Fig. 4: Seniority distribution of researchers by gender. a Number of men and women authors by their career age. b Proportion of men to women by career age. c Average age of men and women authors of papers in each top h% of degree centrality (number of citations). The inset shows the same result zooming in on the higher ranks. Full size image
This thorough analysis indicates that temporal advantages are critical factors in the emergence of gender inequalities. From the individual’s perspective, researchers that publish a result earlier gain the first-mover advantage. Men publish earlier more frequently and obtain an asymmetrical advantage when they do so. At the population level, historical disadvantages driven by the late arrival and higher dropout rate of women cause a deficit of female senior researchers, which may explain women’s low visibility in the citation network.

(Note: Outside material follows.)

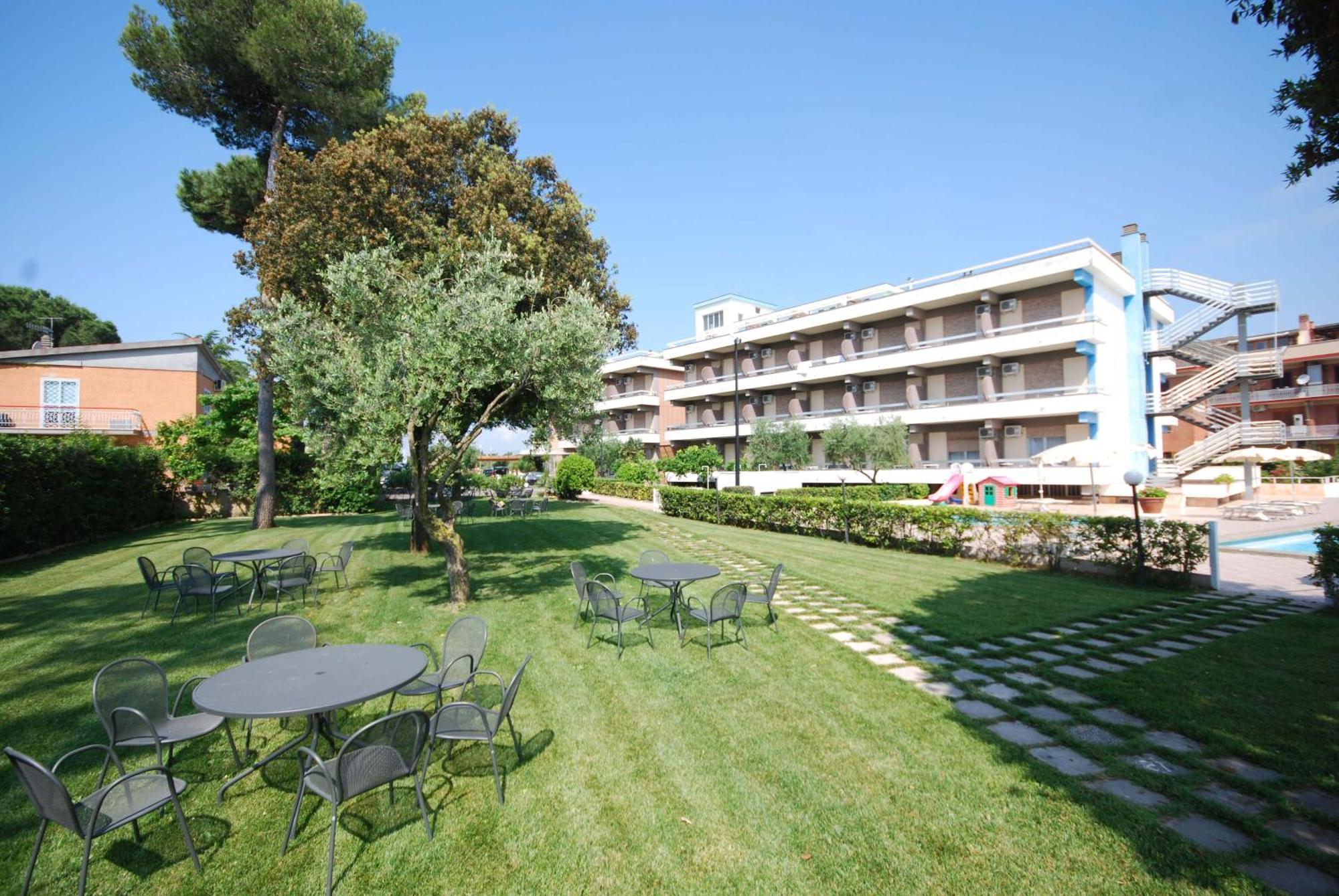 Hotel River Palace Terracina Exterior foto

Historical trend in citation
Finally, we hypothesize that the physics community might have been less receptive to the contribution of women in the past compared to the present. To test this hypothesis, we measure the temporal evolution of the centrality differences (Δ C ) between man–woman pairs by year and limit the publication time difference between the two papers to a trailing window of 3 years. Then, we compute the mean and standard error of Δ C for all the pairs within each window. For comparison, we perform an analogous computation for random samples of similar man-man pairs. In each time window, we matched the number of sampled man-man pairs with the number of similar man–woman pairs. We repeated the man-man computation 100 times independently and computed the average Δ C and the standard error, which we use as a baseline.